Today's song is a nice "Def, Dumb & Blonde" outtake that rivals just about anything on the "official" album.
I've always had an awkward relationship with that release, which is considered by most to be her best solo effort. Looking back, I see it as the harbinger to what's wrong with most albums nowadays -- too many songs and too many versions. ((The LP, cassette and CD all had different line-ups!) Like last year's "Rebel Heart," if I could pick and choose which songs were on "Def," I'd agree it was her best. But to be honest, I'm not even really sure what really counts as being on it seeing as 1989 was right on the edge of compact discs replacing records and cassettes. What I do know is my favorite song is "I'll Never Fall in Love," and it was only on the CD, so I kind of always didn't "count" it. (Groan.) The single "I Want That Man" and "Kiss It Better" -- which were collaborations with the Thompson Twins -- were cute enough. But both felt out of place with the rest of the album, which was considered a return to form echoing the early days of Blondie -- or not, depending on which songs you count.
"Comic Books." "Bike Boy" and "Forced to Live" were fan favorites because of their punk sensibility, yet all three were bonus tracks of sorts. If it had been up to me, these would have been the focus of the album. And "End of the Run" was an epic song of Shangri-Las proportion, but it too was only included on certain versions. If you wanted to say "Just count all of the songs as being The Album" -- which would be a reasonable way to look at things now, and there's no reason she couldn't have poppier and punkier songs on one release -- then I'd say the album is way too f**king long. "Parallel Lines" was 12 songs running 32 minutes and this one's 15 songs running over an hour!. Don't get me wrong: "Def, Dumb & Blonde" is good. But it isn't even half as good as "Parallel Lines," so doesn't need to be twice as long. A little editing would have gone a long way with this one. But unfortunately, the versions that were "edits" definitely winnowed in the wrong direction.

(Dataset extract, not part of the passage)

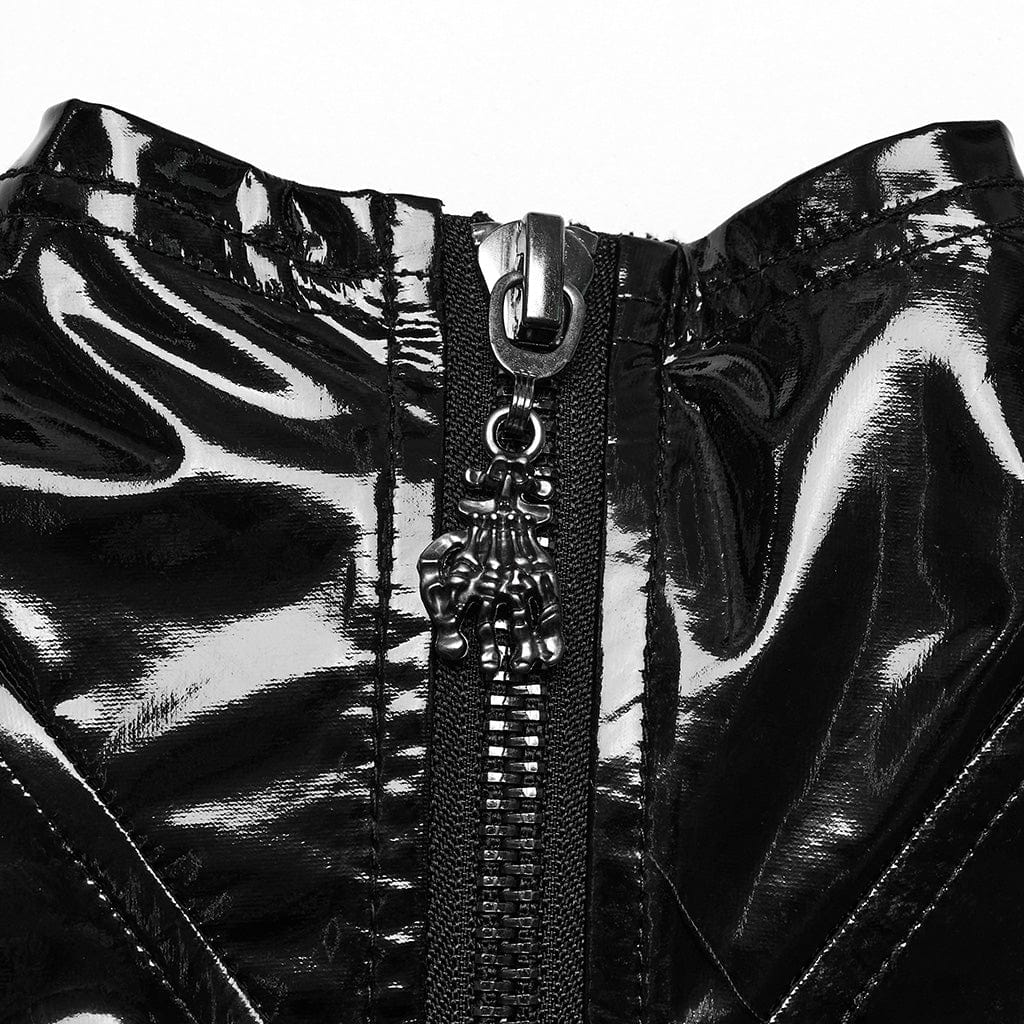 PUNK RAVE Women's Gothic Cutout Side Slit Buckle Maxi Dress Black-Red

P.S. All of this bitching kind of obscures the fact that the first time I saw Debbie live was on the tour supporting "Def, Dumb & Blondie," at a dive bar in Tempe, Arizona, back in 1989, after having missed my chance to see Blondie on "The Hunter" tour at Pine Knob in Detroit back in '82. (My brother Bill went and got me merchandise.) When I finally saw Debbie, she was flawless!